# Required work:
The whole listing is to be written out again exactly; the pictures are not.

# Information provided:
◇ ◇ ◇ ◇ ◇

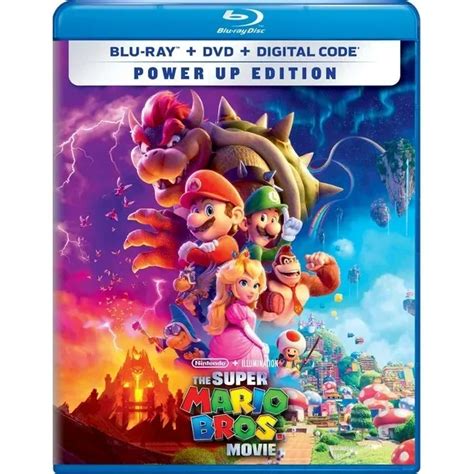 THE SUPER MARIO Bros Movie Blu Ray Dvd Digitale NUOVO SIGILLATO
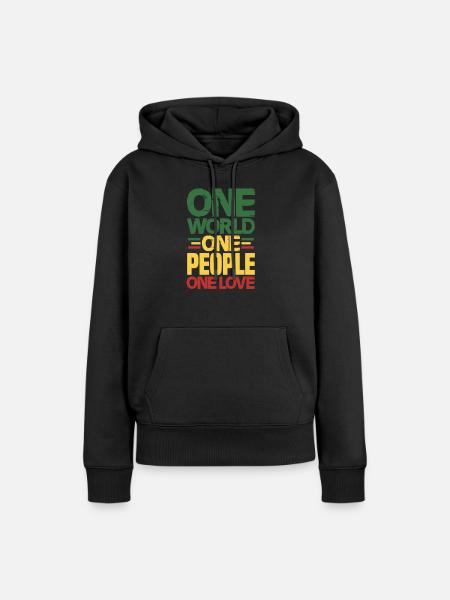Rasta - Frauen Premium Bio Hoodie - Schwarz
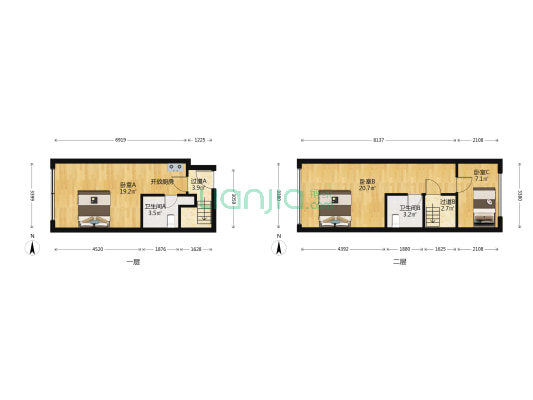 杭房揽翠 3室0厅2卫 44平方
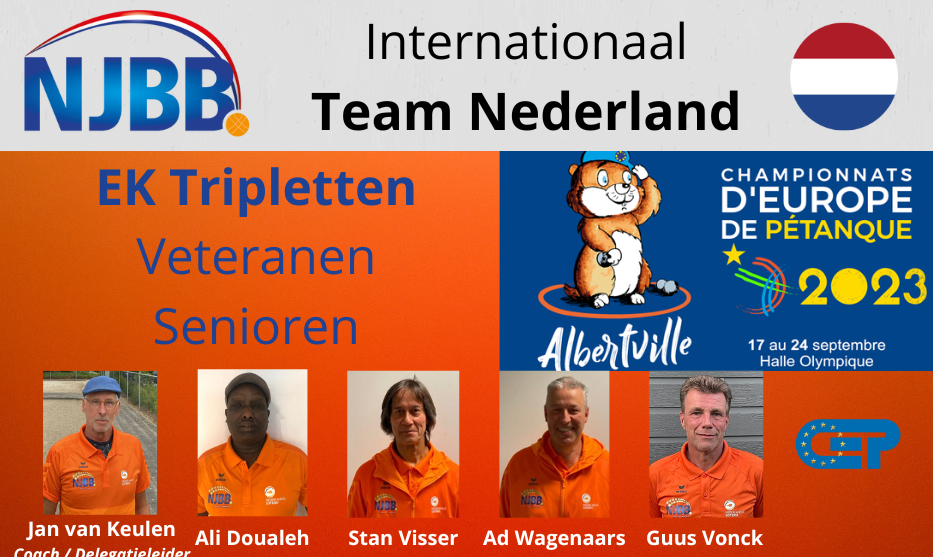 Nederlandse teams voor het EK Tripletten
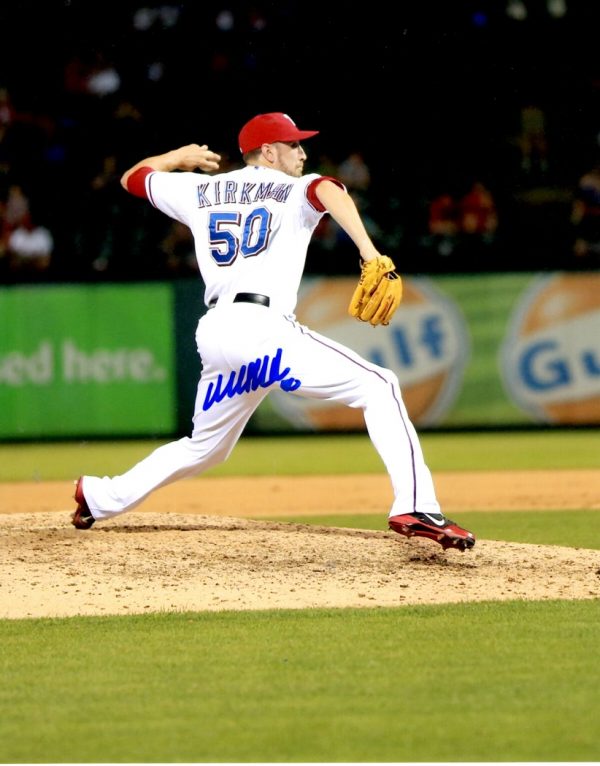 AUTOGRAPHED MICHAEL KIRKMAN 8X10 Texas Rangers Photo
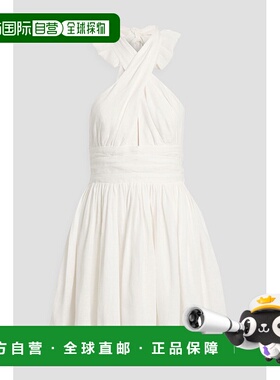 香港直邮ZIMMERMANN 女士 亚麻挂脖迷你连衣裙 3247DRS255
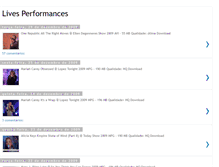 Tablet Screenshot of lives-performances.blogspot.com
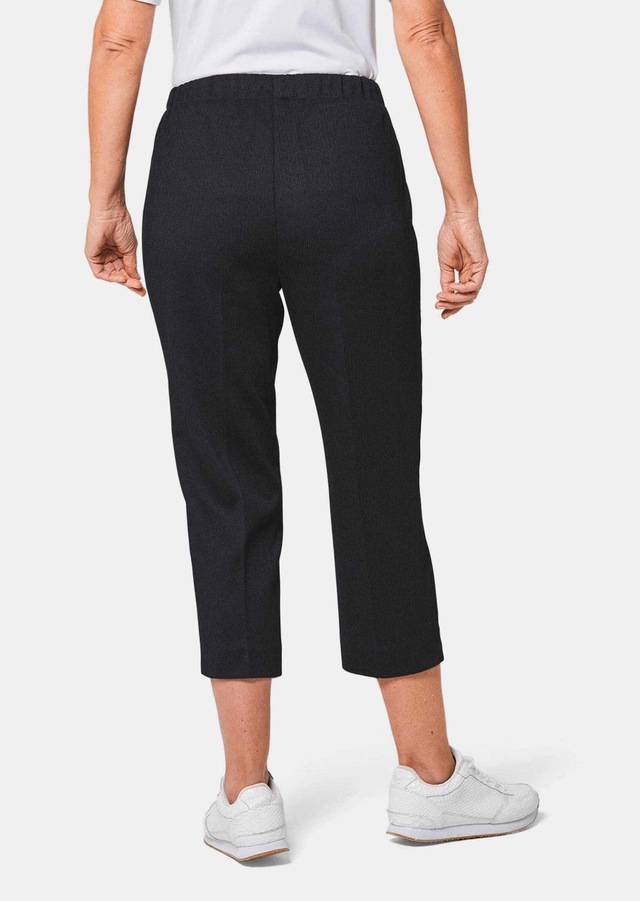 GOLDNER Caprihose »Kurzgröße Sportive 7/8-Hose mit Biesen« Ohne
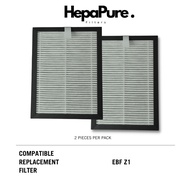 Europace EBF Z1 Compatible Replacement Filters (2 Pieces Per Pack) [HepaPure]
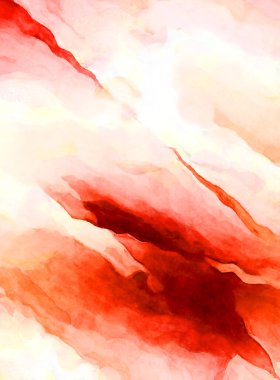 Soyut suluboya sanat eserleri. Fırça boyalı dijital resim. Renkli yaratıcı suluboya çizimi.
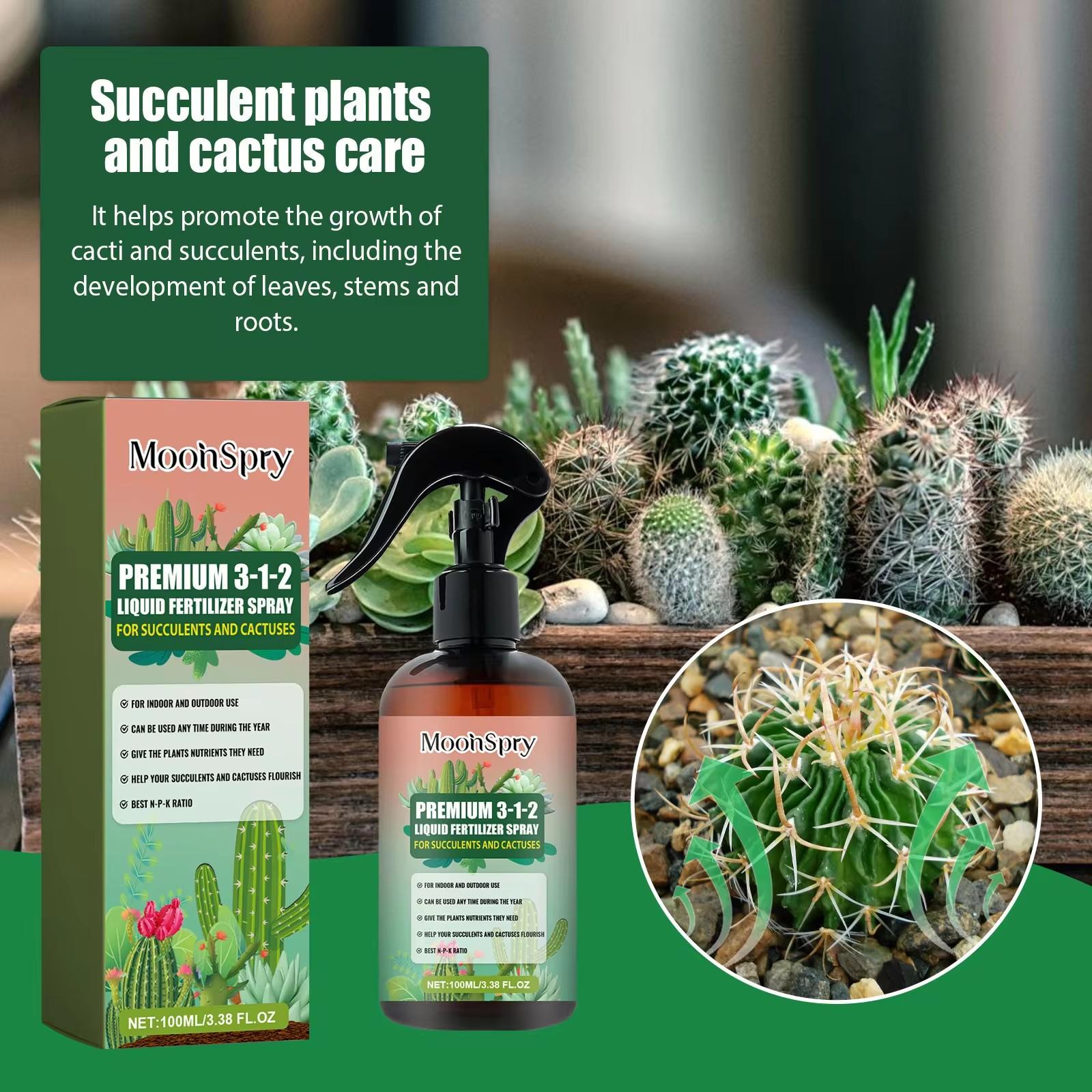 

MoonSpry Succulent Plant Nutrient Solution Root Boosting Bud Promoter Flower Potting Fertilizer for Blooming Plants 200ml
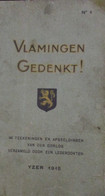 Vlamingen Gedenkt ! - 48 Teekeningen En Afbeeldingen Van Den Oorlog Verzameld ... Legerdokter - 1914-1918 - Guerre 1914-18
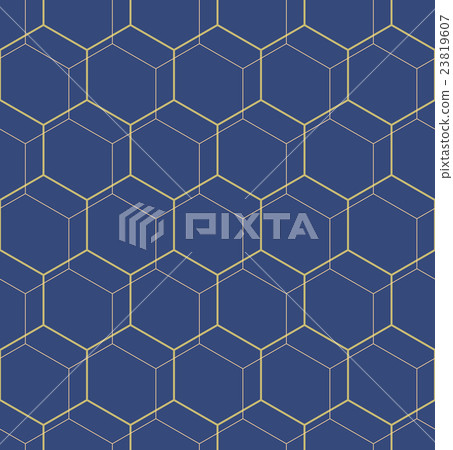Seamless Abstract Vector Pattern With Hexagons - Stock Illustration ...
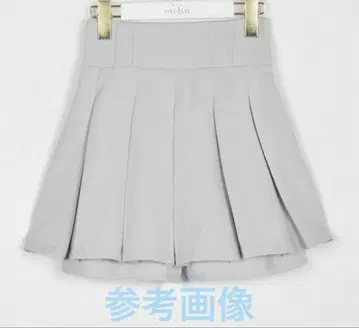 evelyn 에블린 턱 플리츠 SK 스커트 아이스 그레이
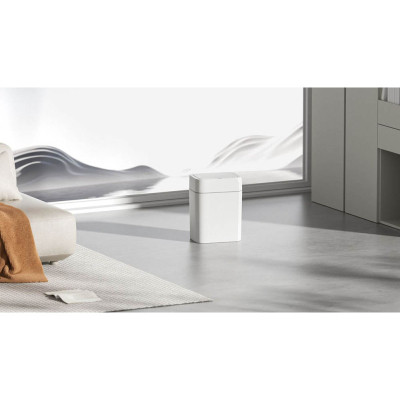 Контейнер для сміття JAH Сенсорний З кільцем для фіксації пакету Білий 12 л (20261)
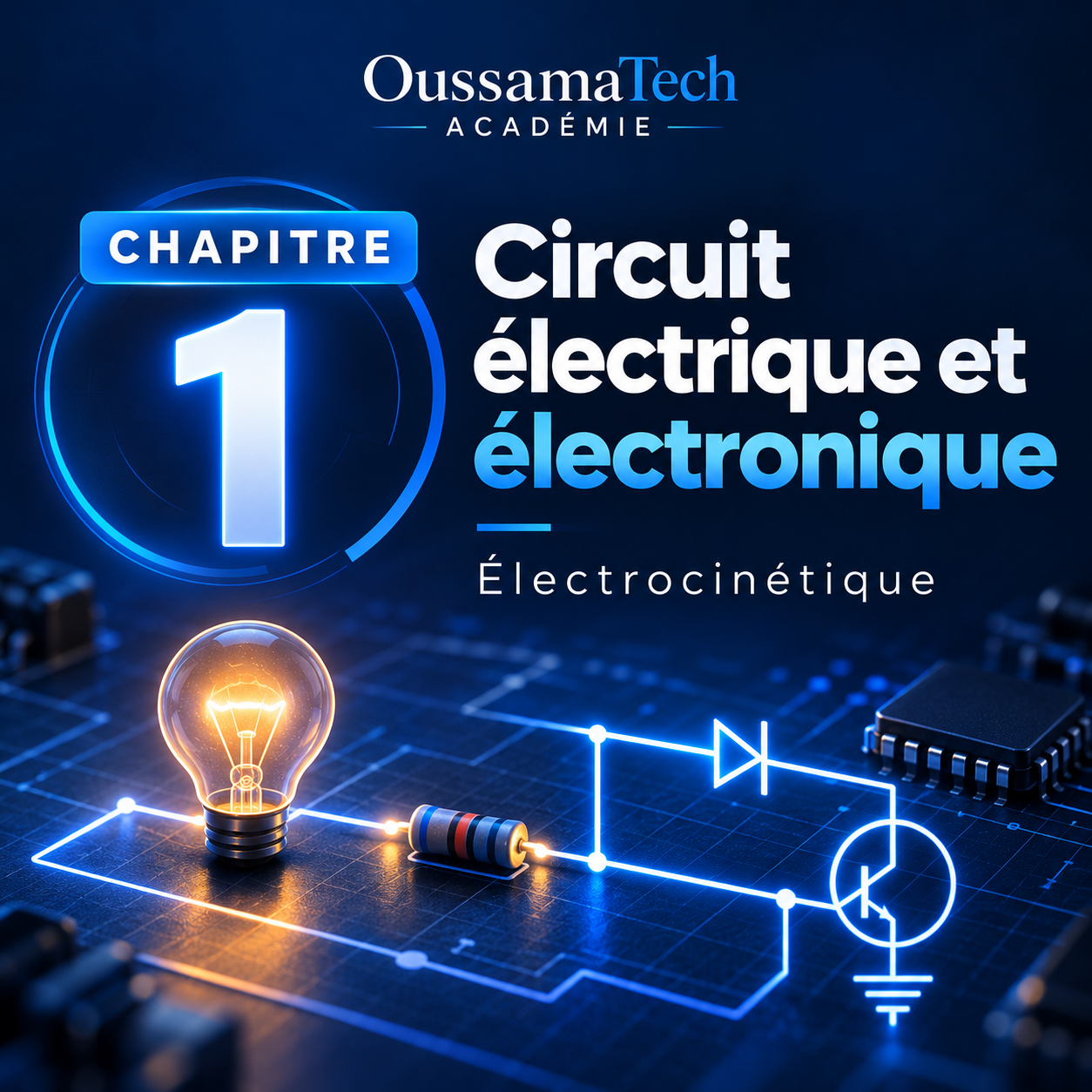 Couverture de Chapitre 1 : Circuit électrique ( Electrocinétique )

◇ ◇ ◇ ◇ ◇

# Written response:
 THE SUPER MARIO Bros Movie Blu Ray Dvd Digitale NUOVO SIGILLATO
Rasta - Frauen Premium Bio Hoodie - Schwarz
 杭房揽翠 3室0厅2卫 44平方
 Nederlandse teams voor het EK Tripletten
 AUTOGRAPHED MICHAEL KIRKMAN 8X10 Texas Rangers Photo
 香港直邮ZIMMERMANN 女士 亚麻挂脖迷你连衣裙 3247DRS255
 Tablet Screenshot of lives-performances.blogspot.com
 GOLDNER Caprihose »Kurzgröße Sportive 7/8-Hose mit Biesen« Ohne
 Europace EBF Z1 Compatible Replacement Filters (2 Pieces Per Pack) [HepaPure]
 Soyut suluboya sanat eserleri. Fırça boyalı dijital resim. Renkli yaratıcı suluboya çizimi.

MoonSpry Succulent Plant Nutrient Solution Root Boosting Bud Promoter Flower Potting Fertilizer for Blooming Plants 200ml
 Vlamingen Gedenkt ! - 48 Teekeningen En Afbeeldingen Van Den Oorlog Verzameld ... Legerdokter - 1914-1918 - Guerre 1914-18
Seamless Abstract Vector Pattern With Hexagons - Stock Illustration ...
 evelyn 에블린 턱 플리츠 SK 스커트 아이스 그레이
 Контейнер для сміття JAH Сенсорний З кільцем для фіксації пакету Білий 12 л (20261)
 Couverture de Chapitre 1 : Circuit électrique ( Electrocinétique )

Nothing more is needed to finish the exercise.